Kamis, 09 Juni 2022 22:52
int
Jasad Emmeril Kahn Mumtadz pertama Kali ditemukan warga di Bendungan Engehalde

digtara.com – Anak pertama Ridwan Kamil, Emmeril Kahn Mumtadz (Eril), akhirnya ditemukan di Bendungan Engehalde. Jasadnya ditemukan warga sebelum dievakuasi oleh aparat setempat.

Eril yang terseret arus di Sungai Aare di Kota Bern, Swiss, pada 26 Mei 2022, ditemukan di bendungan Engehalde di Bern dalam keadaan meninggal dunia.

Laman resmi kepolisian Bern yang diakses Suara.com, Kamis (9/6/2022) malam, mengonfirmasi penemuan tersebut.

“Tubuh tak bernyawa seorang pria ditemukan Rabu pagi di Aare, di bendungan Engehalde di Bern. Almarhum merupakan WNI yang mengalami insiden di sungai pada 26 Mei 2022,” demikian tertulis pada laman resmi kepolisian Bern.

Dalam rilis terlansir, kepolisian Bern menerangkan bahwa jenazah Emmeril Kahn Mumtadz ditemukan hari Rabu 8 Juni 2022 pagi sebelum pukul 06.50 waktu setempat.

Pihak kepolisian juga menjelaskan bahwa penemuan tersebut berawal dari laporan warga yang melihat sosok tak bergerak dalam air bendungan Engehalde.

“Kami mendapat laporan warga yang melihat sosok pria yang tak lagi bergerak di dalam air bendungan Engehalde di Bern.”

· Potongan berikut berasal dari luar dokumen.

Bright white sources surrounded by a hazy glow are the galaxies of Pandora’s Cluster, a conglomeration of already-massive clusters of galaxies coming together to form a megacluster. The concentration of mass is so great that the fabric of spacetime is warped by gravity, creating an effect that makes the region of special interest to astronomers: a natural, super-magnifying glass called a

Mendapatkan laporan warga tersebut, kepolisian Bern melalui Polisi Cantonal Bernese segera memeriksa dan menemukan mayat di cekungan bendungan.

“Polisi segera mengevakuasi jasad itu dan mengonfirmasi identitasnya.”

“Pemeriksaan forensik yang dilakukan sementara mengungkapkan, bahwa almarhum adalah warga negara Indonesia yang hilang di Aare sejak Kamis, 26 Mei 2022. Pria berusia 22 tahun itu pergi ke sungai untuk berenang dan mendapat masalah di sana. Dia tenggelam akibat kecelakaan ini.” demikian rilis tersebut.

Sementara itu, Gubernur Jawa Barat Ridwan Kamil juga diketahui telah mengambil cuti atau izin untuk ke luar negeri (Swiss) mulai hari ini 9-19 Juni 2022.

Hal itu disampaikan langsung Kepala Biro Administrasi Pimpinan Provinsi Jawa Barat Wahyu Mijaya.

“Pemprov Jabar sudah inisiatif kembali menyampaikan permohonan izin ke luar negeri dengan alasan penting, mendapatkan persetujuan (izin ke luar negeri) mulai tanggal 9 sampai 19 Juni,” ungkap Wahyu.